• goblin •
gahb-lin • Hear it!
Part of Speech: Noun
Meaning: Grotesque, evil folkloric creature.
Notes: We have our choice of adjectives meaning "like goblins": goblined or goblinesque. Goblinism is the belief that goblins really do exist. A hobgoblin is less frightening than a goblin, so it is often used amusingly.
In Play: We meet this word in fairy tales and in conversations with people who believe in such: "Marygrove bought a house with a basement that the neighbor said was home for several ghouls and goblins." Otherwise, it may be used figuratively to refer to the evils goblins are supposed to express: "Wall Street continues to be infested with the goblins of all financial institutions: volatility, inflation, recession, and so on and on."

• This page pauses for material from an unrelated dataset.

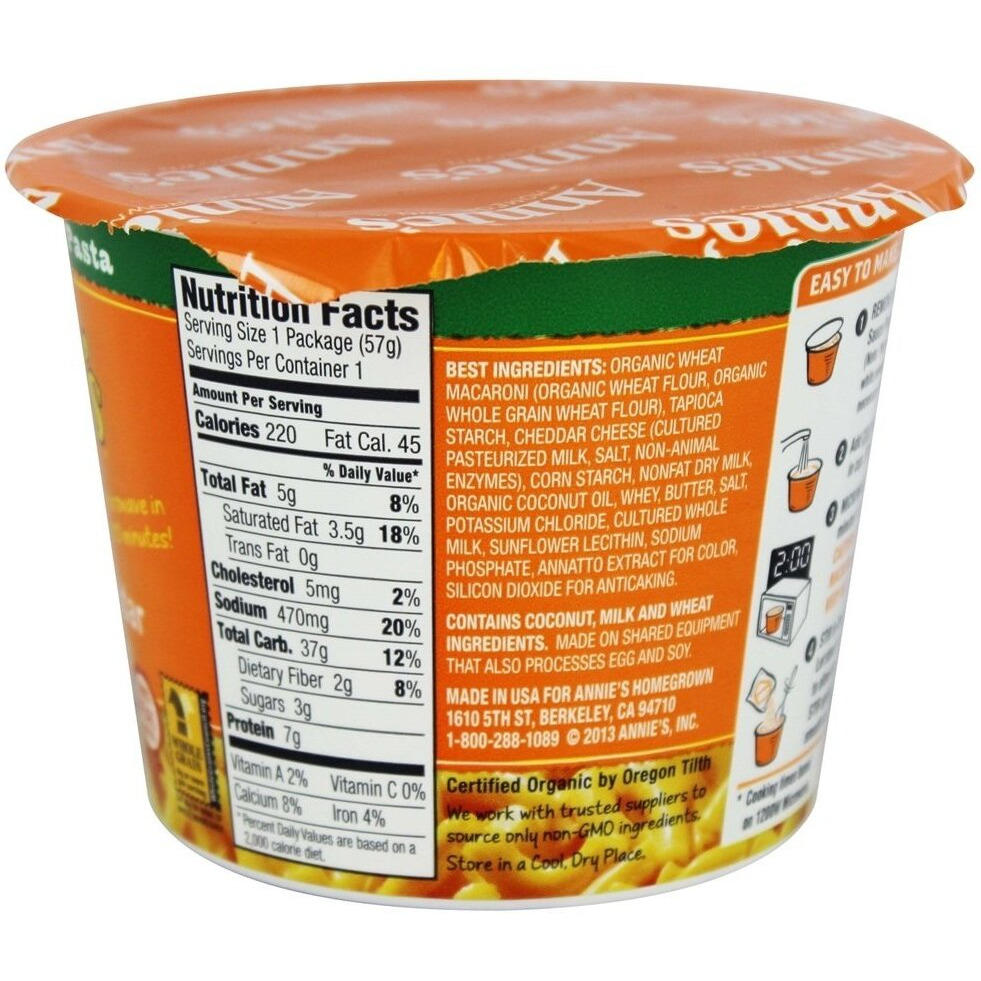 Annie's Homegrown Macaron & Cheese Real Aged Cheddar 2.01 Oz (Pack Of 24)24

Word History: The origin of today's Good Word remains a mystery. In Middle English it was gobelin, so speculation has it that the word taken from Old French where it is still very much alive today. That would have come from a post-Classical Latin word, cobalus or covalus "demon", which was borrowed from Greek kobalos "goblin", a word originally meaning "rogue, knave" + French -in, a suffix denoting a member of a group. This trail ends up in Greek, though. The suffix -in is more easily traced: French finally feminized it as -ine after Latin -ina and Greek -ine. It probably originated in the PIE word en "in", source of Albanian në "in", Latin in "in", English in, Greek en "in", Russian v(n) "in(to)",and Armenian i "in" (from the original in). (Now, lest the goblins get us, a word or two of gratitude to Ana Jung, who noticed the omission of today's mysterious Good Word from our dictionary and shared her concern with us.)